If you were spending the New Year in a Carmelite monastery, you would have the incalculable joy of not having to tweak your diet after the Christmas “holydays.” Just think of it!
In some houses, breakfast is coffee and bread, eaten while standing and preceded by several hours of worship and prayer, also standing, with kneeling thrown in for good measure and enough sitting to keep you from keeling over with exhaustion.
Coffee and bread for breakfast, followed by a period of work and instruction and more prayer and worship, and then a monastically substantial noon meal: this is the daily fare for Carmelites and many other pre-Vatican II orders.
Monastically substantial is a diet of “veg” and protein. Through part of the year, usually during Lent, a modified diet, lovingly referred to as the Black Fast, is observed. Some orders abstain from butter, cheese, milk, eggs, and flesh meat during those weeks. At times, some have also limited daily meals to one, in the evening. That would lower your cloistered cholesterol considerably! Several studies over the last decades have been conducted using monastic samples, because the data is so pure . . . all eating the same food at the same hours, getting the same amount of sleep and exercise, enjoying the same pursuits. Overall, nuns are documented long live-ers!
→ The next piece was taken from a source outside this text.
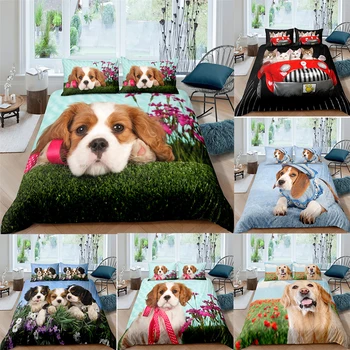 

ZEIMON Lovely Puppy Kitty 3D Bedding Set Cartoon Duvet Cover Sets Queen King Single Size Luxury Microfiber Home Christmas Decor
The typical evening meal is a “collation,” sometimes a cold meal, such as breads and salads or hard-cooked eggs, when permitted, as well as fruits and raw vegetables and sometimes soup. These menus have been altered considerably in the last thirty years and differ from order to order and from house to house, but suffice to say, most cloistered nuns do not have the run of the kitchen or access to vending machines.
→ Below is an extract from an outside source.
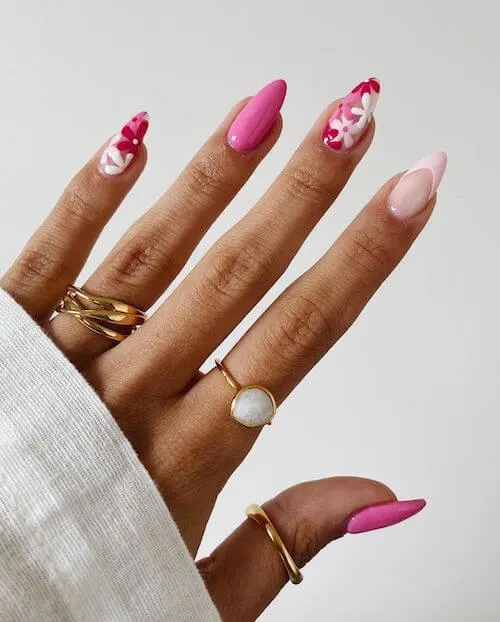 White And Pink Nails For Parties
Imagine having your New Year’s resolutions resolved for you by the house in which you have chosen to live! Study is required, and exercise and work and lots of worship and prayer and plenty of sleep, and a healthy diet. The catch, of course, is that your sleep is interrupted at midnight for prayer in the chapel, and the food you eat is that which is put before you. Exercise takes place within the garden walks and walls, and for the first years of your formation, your reading is chosen for you. Rather like going back to college, without the parties . . . or money from home!
WHY are these women so universally happy? Free from care? Not really. The Abbey doesn’t fund itself, and nuns do have to eat, even if sparsely. They do get sick sometimes. There are temperaments that don’t fit at all well together. We are doing what we can to learn from them this year, and from other monastic souls. Perhaps their unusually bright and pure smiles have something to do with the fact that they knew what they wanted and went after it with all their hearts. We can do that. Married, we can learn to honor and enjoy the one to whom we have been given in marriage. Single, widowed, we can practice the rare joy and privilege of putting Jesus first in all things and living in the closest imaginable friendship with Him.
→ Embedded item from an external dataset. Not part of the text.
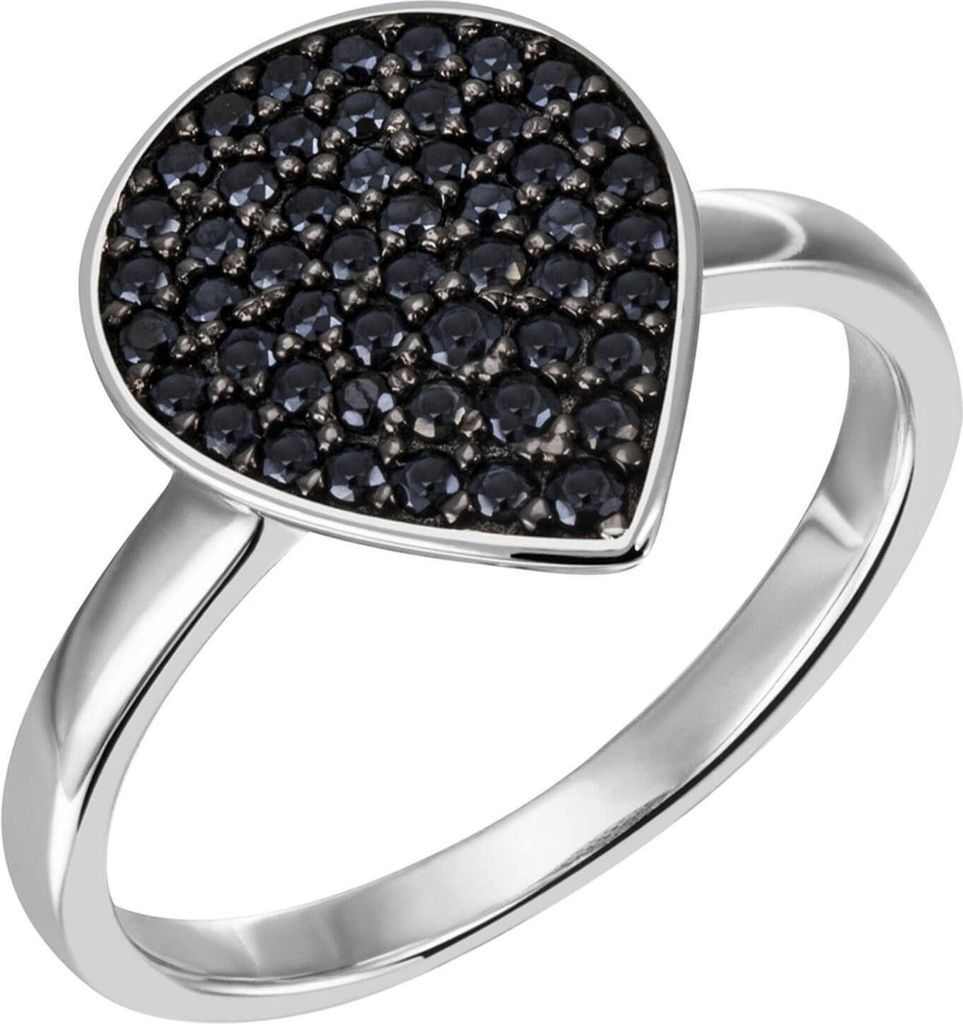 Ring Tropfen aus 925 Silber mit 51 Zirkonia schwarz Fingerring Damenring Innenumfang 56mm Ø17.8mm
Take time today during one meal, or all three, and set a place for the Lord. Turn off the tv and silence your cell phone. Enjoy the Guest at your table Who is, in truth, the Founder of the Feast. Engage your children if they are gathered around. Or … just make sure that in the cloister of your heart, you dine quite intentionally in God’s Presence today, at least once. Put a Scripture about the Lord or about His faithfulness before you, and see how deeply you can attend to it while you eat. Enjoy every bite! Enjoy the Lord’s Nearness! A thousand tiny practices of devotion, if they should yield only one pure draft of love for God, would be well worth it.
It won’t take that many … it won’t be long. We can train our souls to feast upon the goodness of our God and King. Bon appetit!
Behold, I stand at the door and knock; if anyone hears My voice and opens the door, I will come in to him and will dine with him, and he with Me.”